« Alors que nos modèles économiques mettent en péril l’habitabilité de la planète, de quoi l’entreprise doit-elle être comptable ? »

« Alors que nos modèles économiques mettent en péril l’habitabilité de la planète, de quoi l’entreprise doit-elle être comptable ? »

Loin d’être un enjeu strictement technique, la nouvelle directive européenne de reporting extrafinancier CSRD (Corporate Sustainability Reporting Directive) pose avant tout une question politique. Alors que nos modèles économiques mettent en péril l’habitabilité de la planète, de quoi l’entreprise doit-elle être comptable ? Au-delà du pilotage financier de l’entreprise, la comptabilité révèle ce que la société s’accorde à valoriser. La définition de ces règles est un enjeu politique majeur.

Le rapport de Nicole Notat et Jean-Dominique Senard, « L’entreprise, objet d’intérêt collectif », rendu au gouvernement en 2018, le pointait déjà : pour tenir effectivement compte des enjeux sociaux et environnementaux en économie, une évolution des normes comptables est indispensable.
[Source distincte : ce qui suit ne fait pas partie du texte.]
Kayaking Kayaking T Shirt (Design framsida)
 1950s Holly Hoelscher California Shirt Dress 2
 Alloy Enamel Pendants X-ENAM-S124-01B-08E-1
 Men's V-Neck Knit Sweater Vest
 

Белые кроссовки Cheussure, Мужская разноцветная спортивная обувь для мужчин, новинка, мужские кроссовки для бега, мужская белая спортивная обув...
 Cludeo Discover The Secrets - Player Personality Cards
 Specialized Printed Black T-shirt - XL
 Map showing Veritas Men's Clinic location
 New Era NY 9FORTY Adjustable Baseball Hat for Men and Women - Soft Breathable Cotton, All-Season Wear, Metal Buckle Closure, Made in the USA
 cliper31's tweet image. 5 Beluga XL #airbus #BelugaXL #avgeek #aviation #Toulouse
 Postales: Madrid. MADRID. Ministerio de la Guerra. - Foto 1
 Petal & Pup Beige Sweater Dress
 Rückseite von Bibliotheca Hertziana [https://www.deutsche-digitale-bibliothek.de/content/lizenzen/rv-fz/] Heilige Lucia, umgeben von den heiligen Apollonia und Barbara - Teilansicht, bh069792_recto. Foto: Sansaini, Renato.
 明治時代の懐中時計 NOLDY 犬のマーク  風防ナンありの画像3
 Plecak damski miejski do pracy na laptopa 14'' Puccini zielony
En installant de nouvelles normes de reporting, la CSRD va justement obliger les entreprises à rendre compte de leur contribution au bien commun dans leurs publications annuelles.

Les débats sur la manière de s’y prendre se cristallisent autour d’un thème : la double matérialité. Issue du secteur de l’audit, la notion de matérialité représente le seuil au-delà duquel des erreurs comptables peuvent avoir un impact significatif sur la vérité des comptes audités. En comptabilité, dire d’une information qu’elle est matérielle, c’est donc tout simplement dire qu’elle est importante.

Changer de paradigme

Voilà tout le sujet du débat : qu’est-ce qui est important ? Jusqu’ici, cette matérialité portait exclusivement sur les aspects financiers. La nouvelle directive européenne y ajoute une dimension extrafinancière : une double matérialité, qui intégrera les impacts négatifs ou positifs significatifs de l’entreprise sur l’environnement social et environnemental. Sans surprise, c’est bien là que ça coince : il s’agit de changer de paradigme pour réguler l’économie.

Les tenants de la matérialité simple revendiquent l’autorégulation du marché basée sur la bonne volonté des acteurs, à condition qu’ils intègrent dans leurs risques et opportunités les facteurs climatiques. Ils doutent de la faisabilité et de la pertinence de la double matérialité. Selon eux, un monde à + 5 °C serait devenu suffisamment mauvais pour les affaires pour que les acteurs transfèrent sans contrainte leurs investissements vers des activités durables…

Certes, ces nouvelles normes demandent un temps d’adaptation, mais elles sont tout simplement indispensables. La communauté scientifique le rappelle très bien, à l’image de la réponse de la Chaire de comptabilité écologique à la consultation de l’International Sustainability Standards Board : sans cette double matérialité, nous n’atteindrons pas nos objectifs et continuerons de mettre en péril la vie sur Terre.